(Data excerpts)

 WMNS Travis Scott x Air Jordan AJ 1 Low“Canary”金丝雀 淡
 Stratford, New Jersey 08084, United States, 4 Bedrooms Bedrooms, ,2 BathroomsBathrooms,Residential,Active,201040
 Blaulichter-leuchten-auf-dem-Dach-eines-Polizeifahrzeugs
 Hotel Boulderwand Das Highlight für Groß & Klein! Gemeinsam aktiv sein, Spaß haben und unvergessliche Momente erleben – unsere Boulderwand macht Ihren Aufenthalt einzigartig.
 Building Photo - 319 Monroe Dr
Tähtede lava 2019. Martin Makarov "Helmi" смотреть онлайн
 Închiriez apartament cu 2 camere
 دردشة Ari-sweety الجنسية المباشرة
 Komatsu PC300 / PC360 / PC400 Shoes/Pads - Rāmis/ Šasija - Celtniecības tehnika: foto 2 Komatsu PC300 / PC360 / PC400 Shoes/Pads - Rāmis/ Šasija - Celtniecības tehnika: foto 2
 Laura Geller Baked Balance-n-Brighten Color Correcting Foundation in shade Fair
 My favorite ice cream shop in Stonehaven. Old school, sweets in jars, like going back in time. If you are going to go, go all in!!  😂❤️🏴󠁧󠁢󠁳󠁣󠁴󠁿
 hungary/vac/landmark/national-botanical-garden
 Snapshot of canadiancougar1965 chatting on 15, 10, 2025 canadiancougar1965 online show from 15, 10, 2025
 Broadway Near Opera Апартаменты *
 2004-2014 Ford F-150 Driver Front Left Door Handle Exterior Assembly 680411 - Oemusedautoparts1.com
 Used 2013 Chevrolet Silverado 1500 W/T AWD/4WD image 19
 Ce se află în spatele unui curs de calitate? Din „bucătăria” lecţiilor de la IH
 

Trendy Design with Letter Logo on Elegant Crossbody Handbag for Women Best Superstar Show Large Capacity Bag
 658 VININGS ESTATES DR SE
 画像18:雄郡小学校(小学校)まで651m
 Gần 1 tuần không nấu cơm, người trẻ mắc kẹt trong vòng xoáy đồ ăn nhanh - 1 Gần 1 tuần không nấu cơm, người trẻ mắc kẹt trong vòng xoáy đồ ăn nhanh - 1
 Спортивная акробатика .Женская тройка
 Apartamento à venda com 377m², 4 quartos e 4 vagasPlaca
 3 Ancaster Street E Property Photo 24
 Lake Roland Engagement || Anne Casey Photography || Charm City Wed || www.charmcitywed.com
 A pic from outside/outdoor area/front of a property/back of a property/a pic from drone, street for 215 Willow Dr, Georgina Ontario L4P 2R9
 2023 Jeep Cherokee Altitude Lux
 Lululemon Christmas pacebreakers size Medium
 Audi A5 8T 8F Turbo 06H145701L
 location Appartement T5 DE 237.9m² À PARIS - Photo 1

(Your goal) Copy every line of the records above exactly.

(Solution to this exercise)
 WMNS Travis Scott x Air Jordan AJ 1 Low“Canary”金丝雀 淡
 Stratford, New Jersey 08084, United States, 4 Bedrooms Bedrooms, ,2 BathroomsBathrooms,Residential,Active,201040
 Blaulichter-leuchten-auf-dem-Dach-eines-Polizeifahrzeugs
 Hotel Boulderwand Das Highlight für Groß & Klein! Gemeinsam aktiv sein, Spaß haben und unvergessliche Momente erleben – unsere Boulderwand macht Ihren Aufenthalt einzigartig.
 Building Photo - 319 Monroe Dr
Tähtede lava 2019. Martin Makarov "Helmi" смотреть онлайн
 Închiriez apartament cu 2 camere
 دردشة Ari-sweety الجنسية المباشرة
 Komatsu PC300 / PC360 / PC400 Shoes/Pads - Rāmis/ Šasija - Celtniecības tehnika: foto 2 Komatsu PC300 / PC360 / PC400 Shoes/Pads - Rāmis/ Šasija - Celtniecības tehnika: foto 2
 Laura Geller Baked Balance-n-Brighten Color Correcting Foundation in shade Fair
 My favorite ice cream shop in Stonehaven. Old school, sweets in jars, like going back in time. If you are going to go, go all in!!  😂❤️🏴󠁧󠁢󠁳󠁣󠁴󠁿
 hungary/vac/landmark/national-botanical-garden
 Snapshot of canadiancougar1965 chatting on 15, 10, 2025 canadiancougar1965 online show from 15, 10, 2025
 Broadway Near Opera Апартаменты *
 2004-2014 Ford F-150 Driver Front Left Door Handle Exterior Assembly 680411 - Oemusedautoparts1.com
 Used 2013 Chevrolet Silverado 1500 W/T AWD/4WD image 19
 Ce se află în spatele unui curs de calitate? Din „bucătăria” lecţiilor de la IH
 

Trendy Design with Letter Logo on Elegant Crossbody Handbag for Women Best Superstar Show Large Capacity Bag
 658 VININGS ESTATES DR SE
 画像18:雄郡小学校(小学校)まで651m
 Gần 1 tuần không nấu cơm, người trẻ mắc kẹt trong vòng xoáy đồ ăn nhanh - 1 Gần 1 tuần không nấu cơm, người trẻ mắc kẹt trong vòng xoáy đồ ăn nhanh - 1
 Спортивная акробатика .Женская тройка
 Apartamento à venda com 377m², 4 quartos e 4 vagasPlaca
 3 Ancaster Street E Property Photo 24
 Lake Roland Engagement || Anne Casey Photography || Charm City Wed || www.charmcitywed.com
 A pic from outside/outdoor area/front of a property/back of a property/a pic from drone, street for 215 Willow Dr, Georgina Ontario L4P 2R9
 2023 Jeep Cherokee Altitude Lux
 Lululemon Christmas pacebreakers size Medium
 Audi A5 8T 8F Turbo 06H145701L
 location Appartement T5 DE 237.9m² À PARIS - Photo 1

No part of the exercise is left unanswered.